Pictures with short captions:
· · · · · · ·

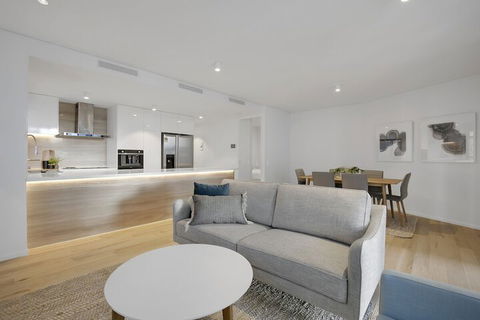 SOKO Waterfront - Darwin Holiday 7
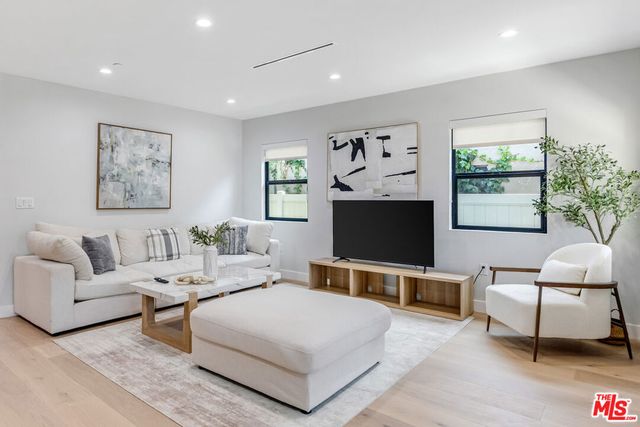 3708 Greenfield Avenue, Los Angeles, CA 90034
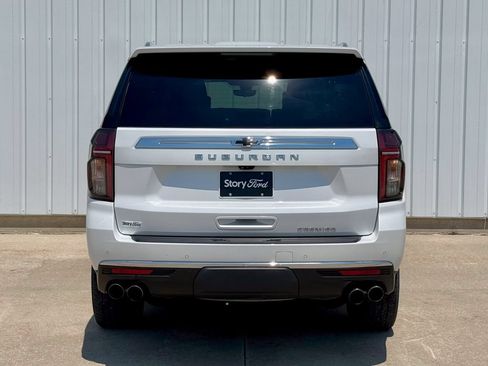 Used 2021 Chevrolet Suburban Premier AWD/4WD image 5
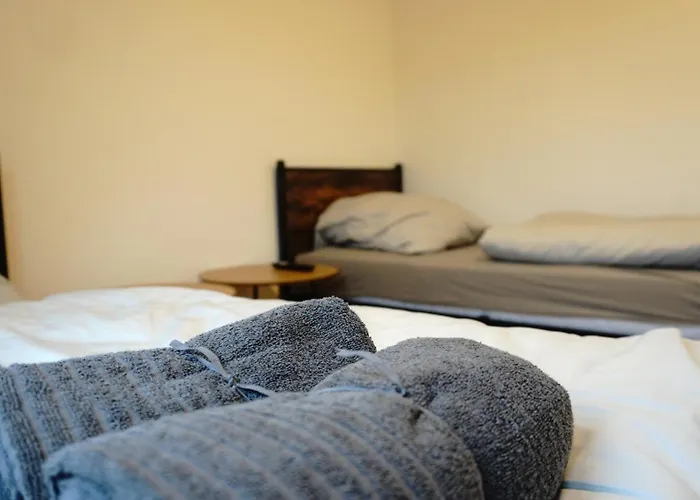 Monteurwohnung Fuer Bis Zu 18 Personen - Zentral Mit Autobahnauffahrt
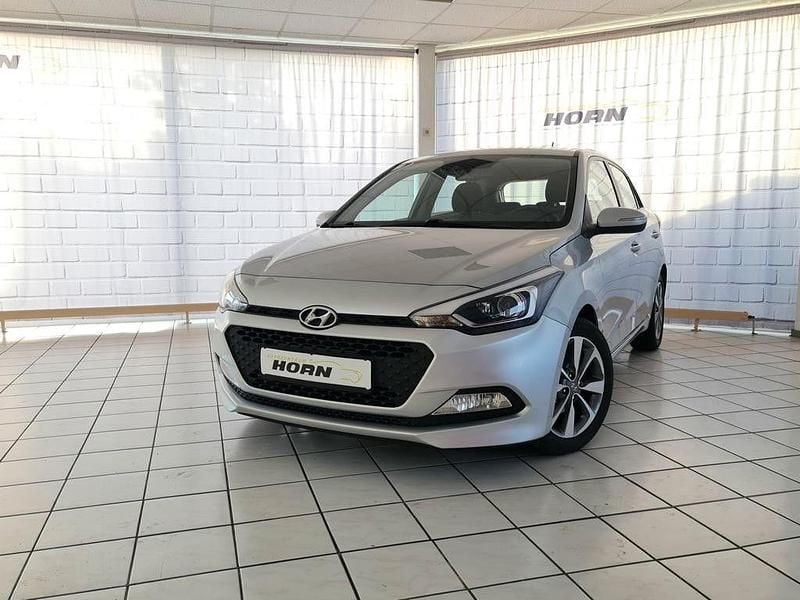 Gebraucht Hyundai i20 101 PS (74 kW) 2015 Sleek silver / met Coupé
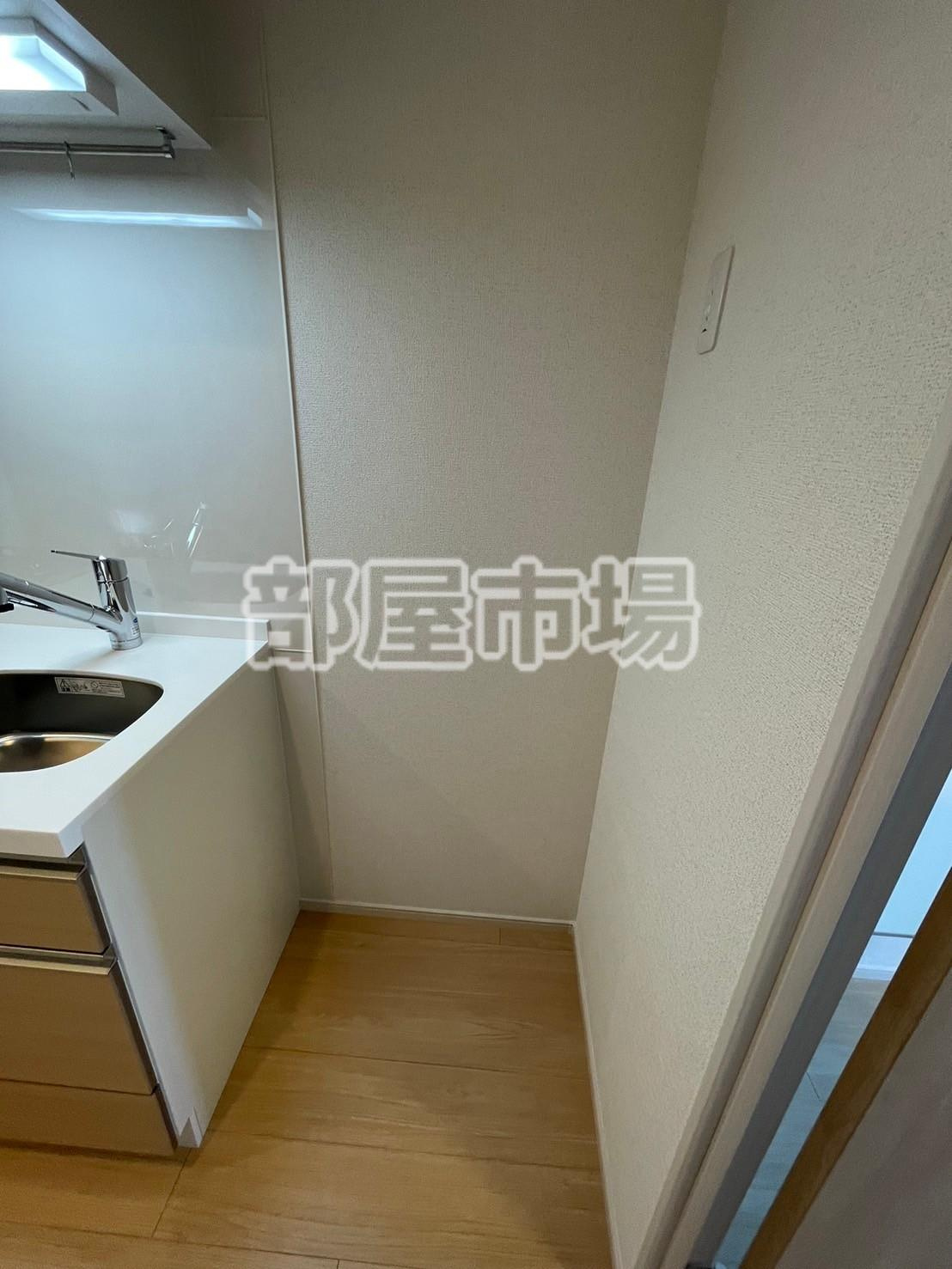 Ｅ.ステージ新御徒町のキッチン|冷蔵庫置場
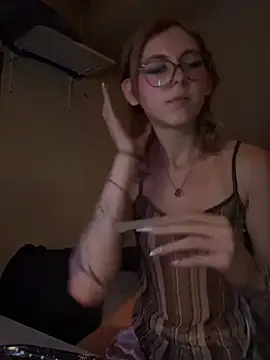 Snapshot of Alina-420 chatting on 07.23.26 Alina-420 online show from 07.23.26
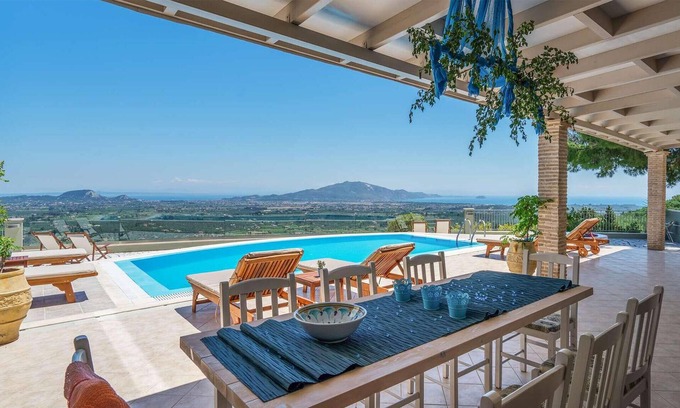 Lagopodo Casa | This luxury villa is located on a hill in the village of Lagopodo with unobstructed views as far as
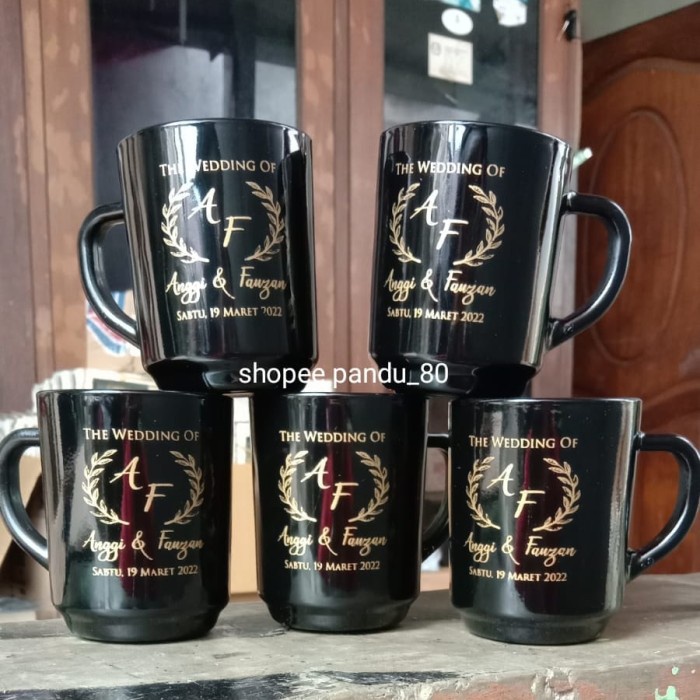 souvenir gelas pernikahan tema black gold sablon custom hitam gold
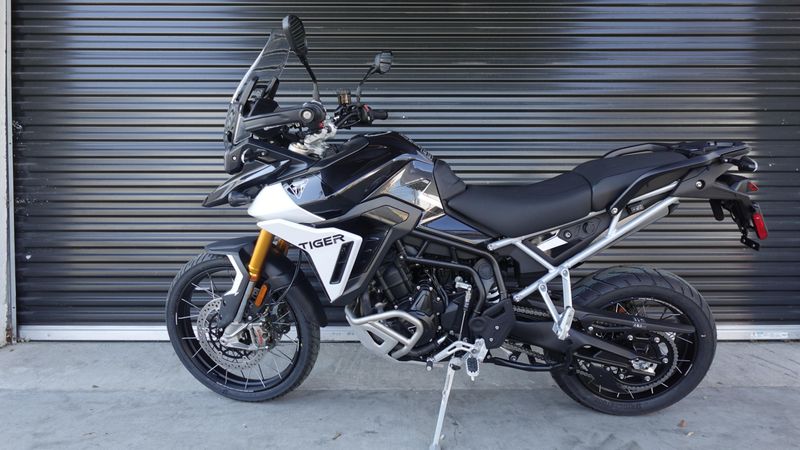 New 2025 Triumph Tiger 900 Rally Pro 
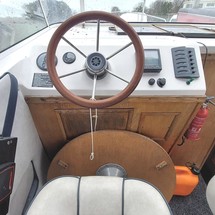 Amber boats amsterdam cruiser style wide beam barge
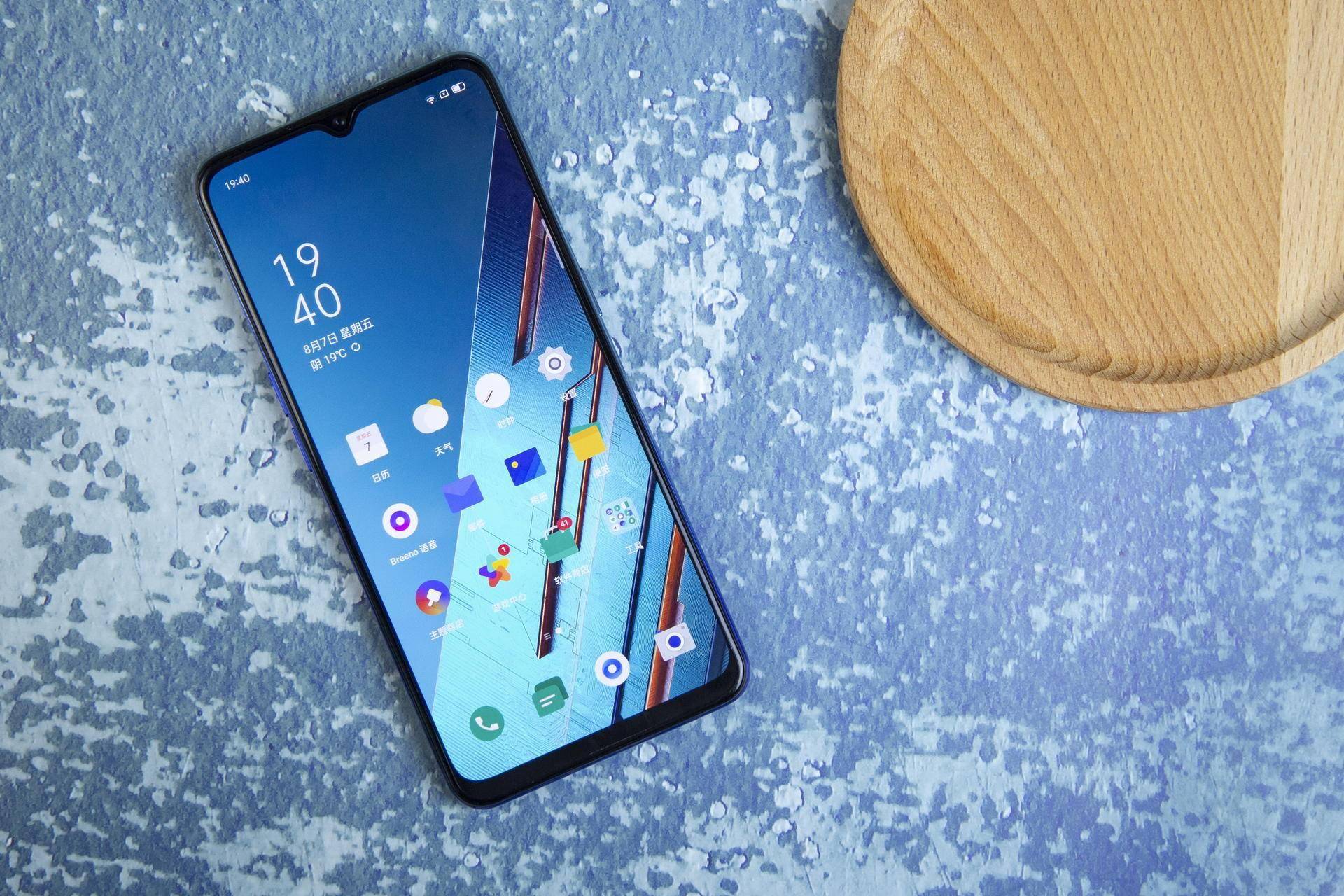 单手持握超赞oppok7一天使用体验想象被现实打脸了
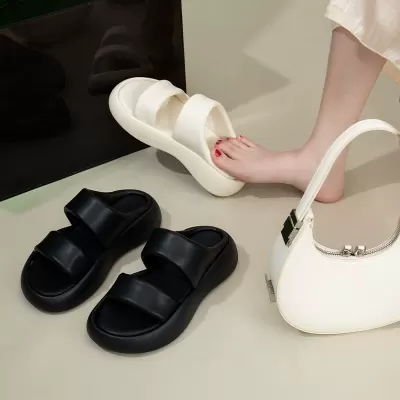 New Summer Round Toe Thick Sole Wide Double Strap Thick Sole Soft Bouncy Slide Sandals Women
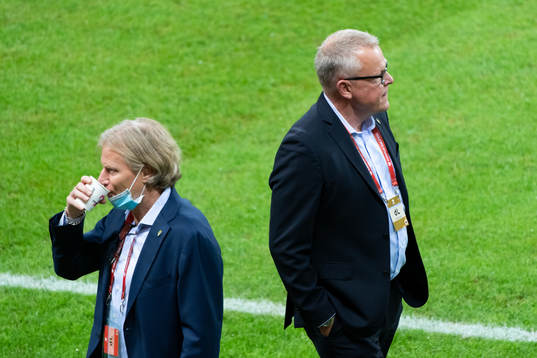Team manager Stefan Pettersson and head coach Janne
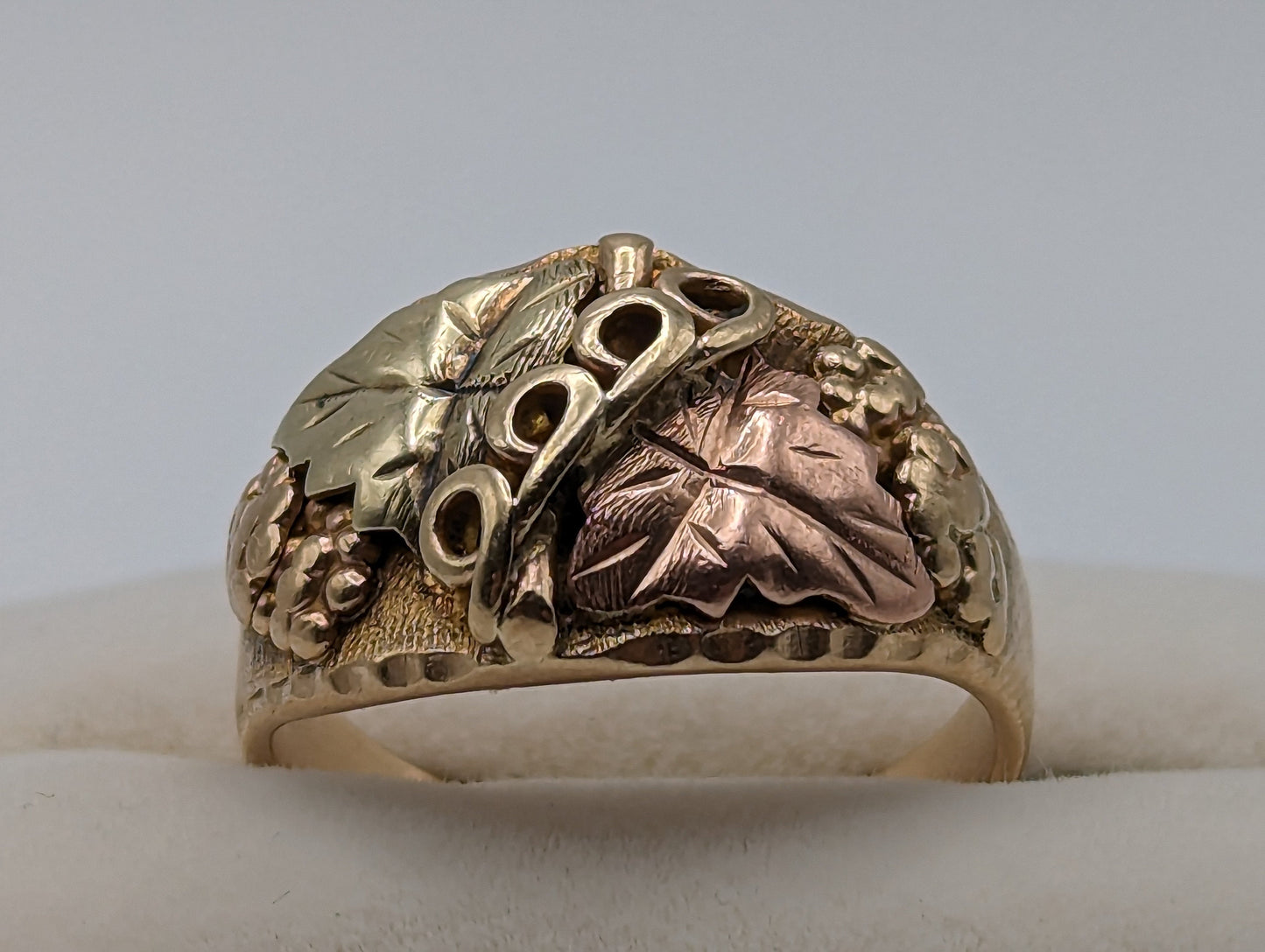 Vintage Very Heavy Black Hills Gold Ring. 10k Multi-tone Gold Black Hills Signet Ring. 10k Black Hill Band. Mens Womens Statement Ring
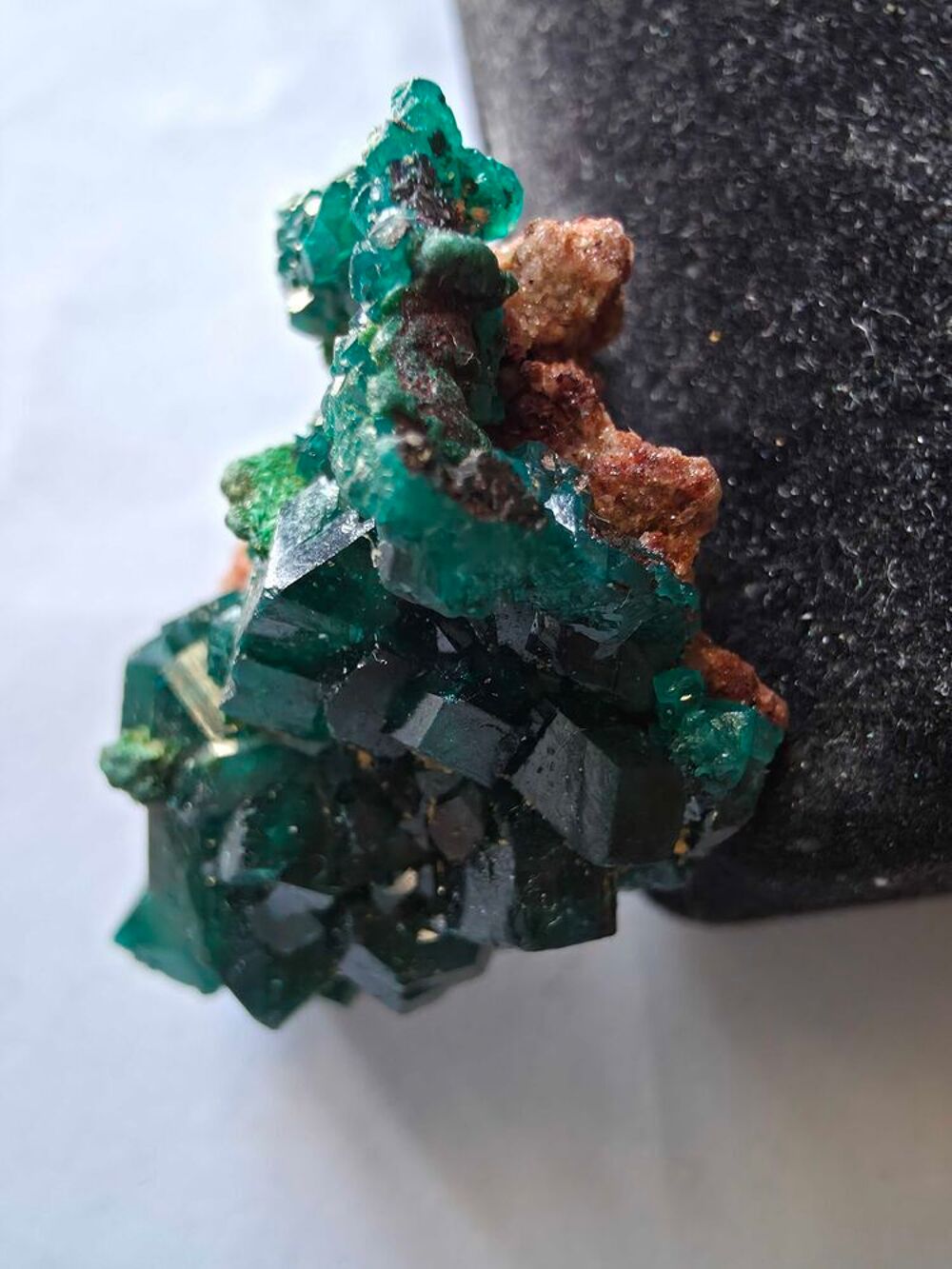Min&eacute;ral Dioptase brute sur matrice-Collection Katanga RDC-23g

· · · · · · ·

WHAT YOU SHOULD DO:
Each entry needs to be retyped exactly; the pictures stay out.

EXERCISE OUTPUT:
 SOKO Waterfront - Darwin Holiday 7
 3708 Greenfield Avenue, Los Angeles, CA 90034
 Used 2021 Chevrolet Suburban Premier AWD/4WD image 5
 Monteurwohnung Fuer Bis Zu 18 Personen - Zentral Mit Autobahnauffahrt
 Gebraucht Hyundai i20 101 PS (74 kW) 2015 Sleek silver / met Coupé
 Ｅ.ステージ新御徒町のキッチン|冷蔵庫置場
 Snapshot of Alina-420 chatting on 07.23.26 Alina-420 online show from 07.23.26
 Lagopodo Casa | This luxury villa is located on a hill in the village of Lagopodo with unobstructed views as far as
 souvenir gelas pernikahan tema black gold sablon custom hitam gold
 New 2025 Triumph Tiger 900 Rally Pro 
 Amber boats amsterdam cruiser style wide beam barge
 单手持握超赞oppok7一天使用体验想象被现实打脸了
 New Summer Round Toe Thick Sole Wide Double Strap Thick Sole Soft Bouncy Slide Sandals Women
Team manager Stefan Pettersson and head coach Janne
 Vintage Very Heavy Black Hills Gold Ring. 10k Multi-tone Gold Black Hills Signet Ring. 10k Black Hill Band. Mens Womens Statement Ring
Min&eacute;ral Dioptase brute sur matrice-Collection Katanga RDC-23g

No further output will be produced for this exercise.